Carbon dioxide, as well as ammonia, are widely used in large-scale chemistry for the production of urea. Currently, the most common technology for producing carmabide is according to which liquid NH3 is pumped into the synthesis column by a pump at a pressure of 15 MPa, and gaseous CO2 is supplied by a compressor with the same pressure as ammonia. Gaseous CO2 is compressed in a multi-stage compressor to a pressure of 15 MPa before it enters the urea synthesis unit, in which it reacts with ammonia. The specific energy consumption for compressing carbon dioxide in a compressor unit is 0.13 kWh/kg. Reducing energy for producing CO2 and also urea can be achieved when it is possible to supply carbon dioxide in liquid form under a pressure of 15 MPa to the urea synthesis column. The analysis showed that to solve this problem it is necessary to implement two processes: compression to 1.8–3.0 MPa, and then cooling and liquefaction of gaseous CO2 due to the cold of liquid ammonia.

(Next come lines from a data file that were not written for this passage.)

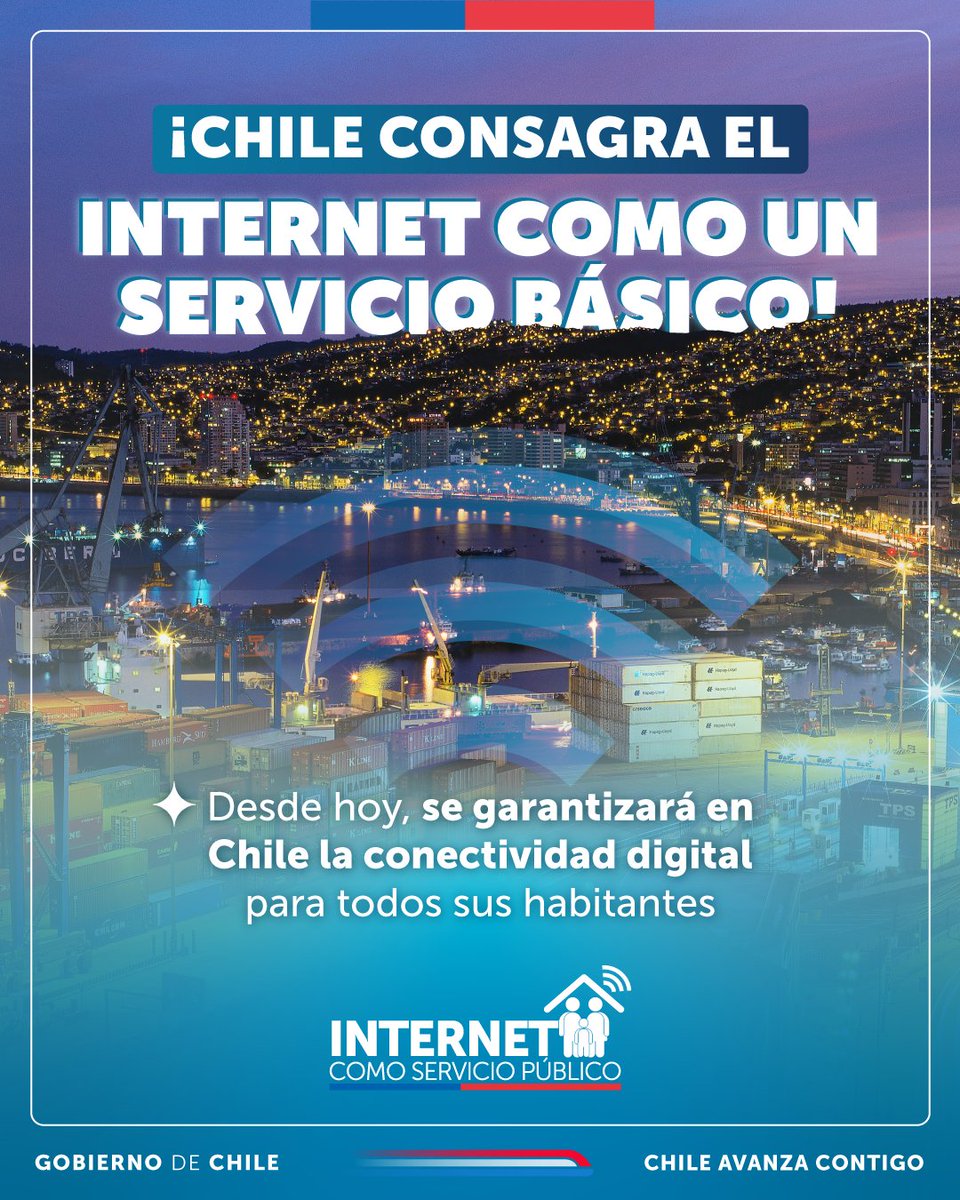 GobiernodeChile's tweet image. ¡Desde hoy el Internet es un Servicio Público en el país! ✨
Gracias a esta ley el Estado podrá subsidiar el servicio de telecomunicaciones al igual que la electricidad o el agua, para garantizar el acceso a la conectividad digital para un #ChileMejorConectado 🛜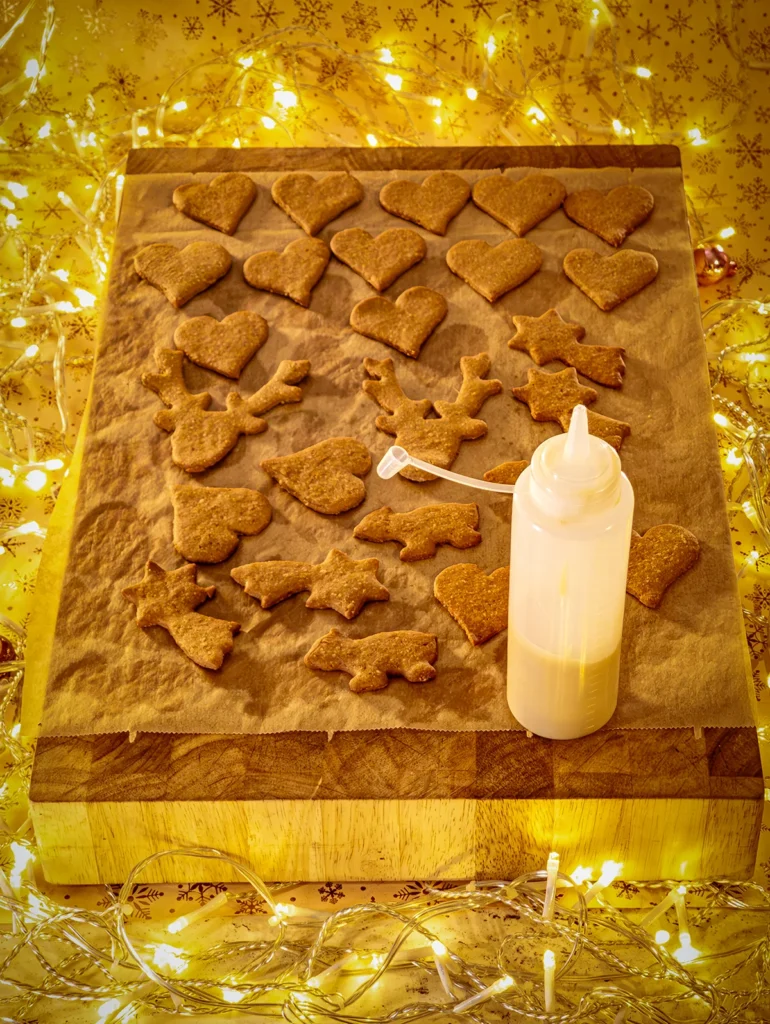 The gingerbread cookies are ready to be decorated, all on baking paper, and a sauce bottle with a plastic piping nozzle for icing stands in front of them. There is a string of lights around it and a few small Christmas tree baubles scattered about.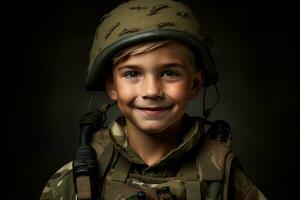 portrait de une mignonne peu garçon dans militaire uniforme sur foncé Contexte ai généré photo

Liquefied CO2 can then be pumped to the urea column. In order to introduce carbamide into production, a new carbon dioxide compressor and pumping unit has been created. The installation scheme for compressing CO2 to a pressure of 15 MPa and its subsequent supply to the production of urea is given. A cold liquid ammonia stream with an initial temperature of –30 °C is used as a source of cold in the installation. The performance and power consumption of the compressor unit depend on the compression pressure of CO2. After the CO2 is compressed to 1.8 MPa, it is possible to cool 2.3 t/h of carbon dioxide with cold liquid ammonia and then direct it to the synthesis of urea using a pump under a pressure of 15 MPa. The specific energy consumption in the installation will be 0.1 kWh/kg. When CO2 is compressed up to 3 MPa, the plant capacity is 8.78 t/h, and the unit costs are 0,108 kWh/kg. Urea production in this case may increase from 1400 to 1680 t/day. Ref. 5, Fig. 3, Tab. 3.